The fact that Dutch and French speakers were territorially mostly segregated facilitated this evolution. As well, after 1945 divergent economic developments between the Flemish north and francophone south, with the former becoming far more prosperous, gave rise to a genuine Walloon nationalism.
In 1962 the cultural and linguistic border was drawn for the first time between the Flemish and French-speaking areas. In 1963 language laws established Flemish, French and German as the official languages for their geographical areas.
Most institutions in the country are now divided. There is no longer even a single national broadcasting service, though separate channels are provided to the different language groups, Dutch, French and German. As a consequence, the general news agendas of Flanders and Wallonia are also entirely different.
It is largely Flemish nationalism that has made the country’s future precarious. Some use it to push a liberal economic agenda while others push exclusionary identity politics.

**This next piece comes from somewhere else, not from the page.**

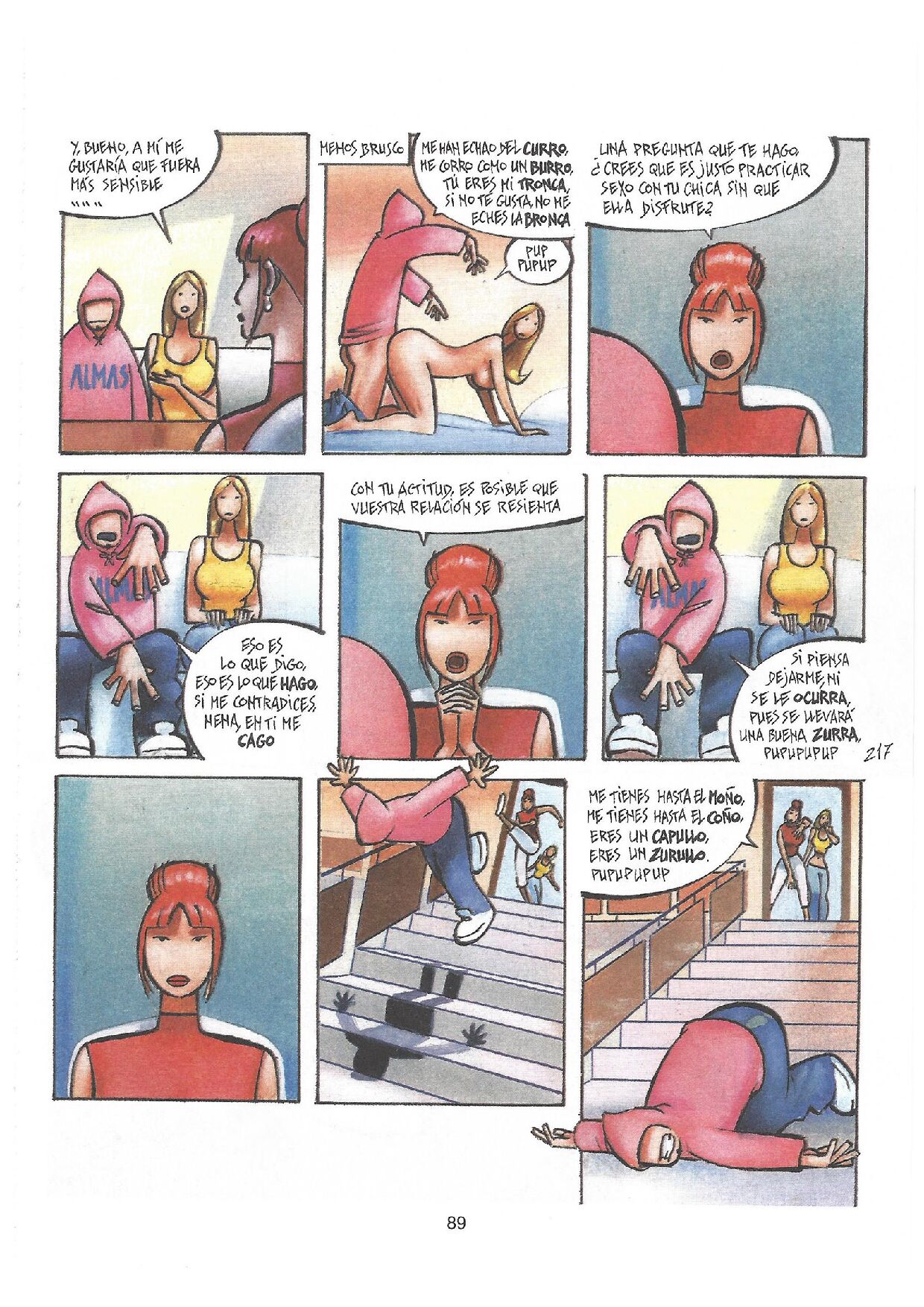 Lucia - Gabinete de Sexologia - ?Orgasmos desde el divan! image number 88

There are also “Orangists,” who see Flemish independence as a step towards a union with the ethnically similar Netherlands.
In Flanders, migration was a major concern on June 9, with people calling it the “biggest problem.” That explains the position of Vlaams Belang (VB), an anti-immigration and separatist party calling to close the borders.

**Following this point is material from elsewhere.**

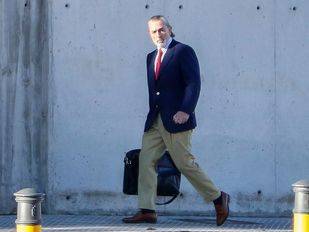 Correa, Crespo y 'El Bigotes' entran en prisión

A few weeks before vote, the party’s leader, Tom Van Grieken said Flanders should become an independent republic, with Brussels as its capital. “Belgium is a failed state,” he declared.
The VB has called Belgium a “forced marriage” and says it will work towards an amicable dissolution from Wallonia. It wants to split the country, starting with a “declaration of sovereignty” backed by a Flemish majority.

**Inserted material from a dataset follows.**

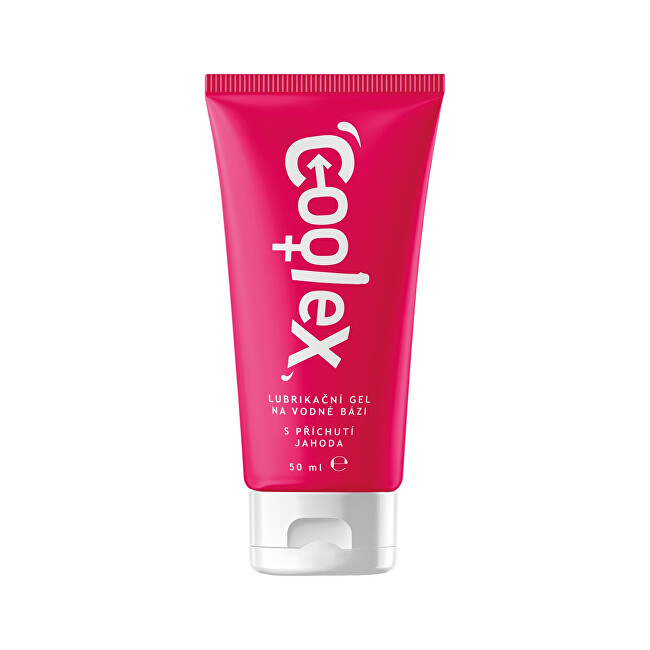 Water-based lubricating gel Strawberry 50 ml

One of the ironies about Belgium being described as a failed state is there is less for the state to fail at than almost any other European country because so much power has been devolved to the three regions – Flanders, Wallonia and Brussels.
From cradle to grave, the lives of Belgium’s divided communities barely overlap, with different schools, media, language and lifestyle. Its international borders are almost invisible, yet its internal ones are unignorable, as historian Tony Judt, has pointed out.
Secession would be simple, but pointless, he argued in a 1999 essay entitled “The Stateless State: why Belgium Matters.” Judt concluded that “We all know, at the end of the twentieth century, that you can have too much state. But Belgium may be a useful reminder that you can also have too little.”
Belgium offers a lesson in stability through chaos. Even its demise would be serene. It is the world’s most successful failed state. This is, after all, a country where someone sabotaged a nuclear-power station in 2014, without causing too much of a stir. A reputation for slack policing and arms-smuggling made it a perfect hub for Islamist terrorists, who killed scores between 2015 and 2016 in Belgium and France.
In any case, a new national government is likely to coalesce around the Flemish right-wing New Flemish Alliance (N-VA), which is autonomist rather than secessionist, and beat the VB in Flanders June 9. Its leader, Bart De Wever, is trying to form a ruling federal coalition. This is the first time a member of the N-VA has a clear shot at the country’s top job. But at least five parties, French and Flemish, may have to be involved.
The N-VA has dismissed separatism in the short term and wants to reform the Belgian state into a “confederal” one instead, moving all power to the regional level but keeping a national brand for things like foreign affairs and national defence. De Wever is also championing a classic conservative program of fiscal discipline and law and order. So he’s seen as somewhat less “dangerous,” for those who wish to see Belgium remain one state, no matter how tenuous.